TO DO — Where the listing shows an image, skip it and output all other material unchanged.

########

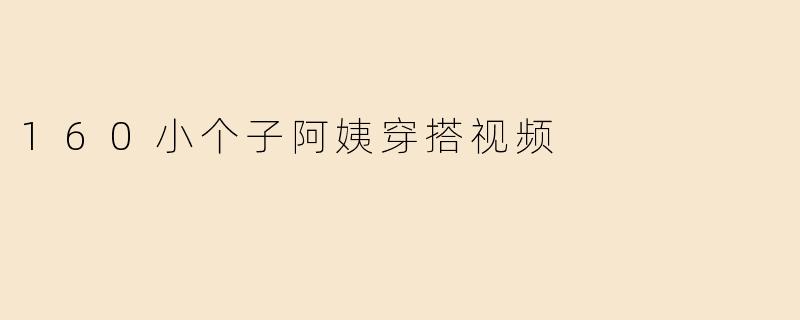 160小个子阿姨穿搭视频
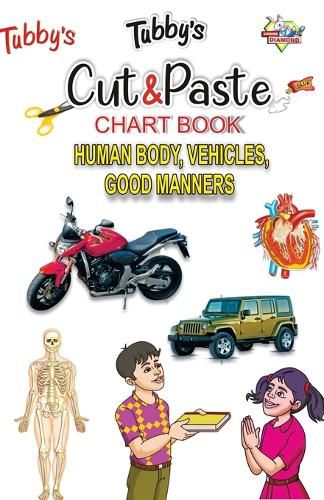 Cover image for Tubbys Cut & Paste Chart Book Human Body, Vehicles, Good Manners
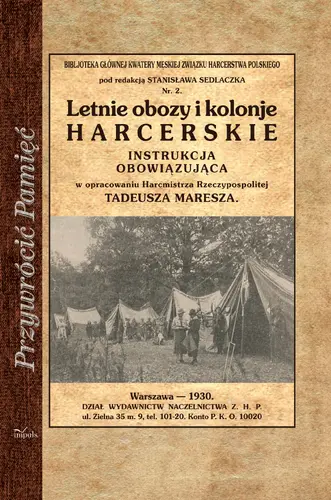 Okładka: Letnie obozy i kolonie harcerskie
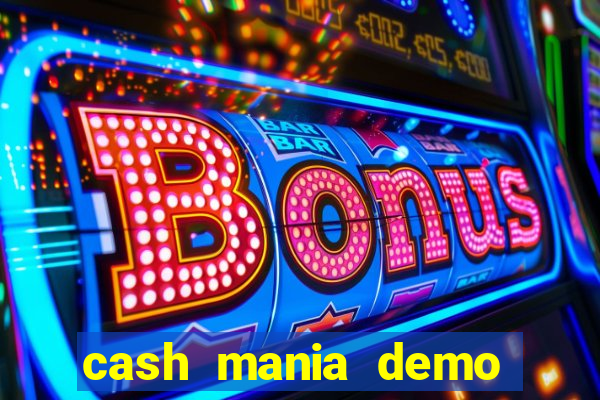 cash mania demo live bet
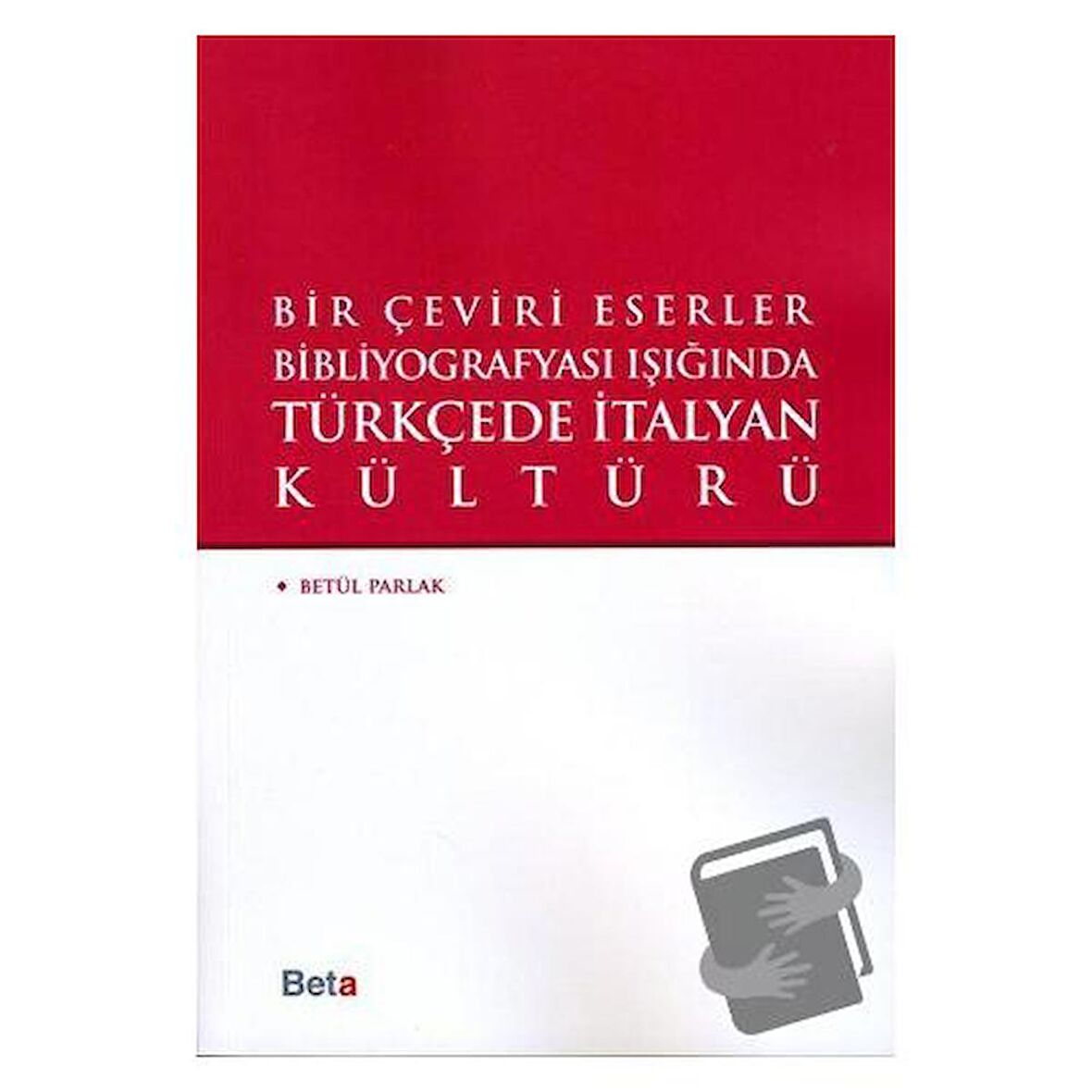 Bir Çeviri Eserler Bibliyografyası Işığında Türkçede italyan Kültürü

########

RESPONSE AREA —
 160小个子阿姨穿搭视频
 Cover image for Tubbys Cut & Paste Chart Book Human Body, Vehicles, Good Manners
 Okładka: Letnie obozy i kolonie harcerskie
 cash mania demo live bet
 Bir Çeviri Eserler Bibliyografyası Işığında Türkçede italyan Kültürü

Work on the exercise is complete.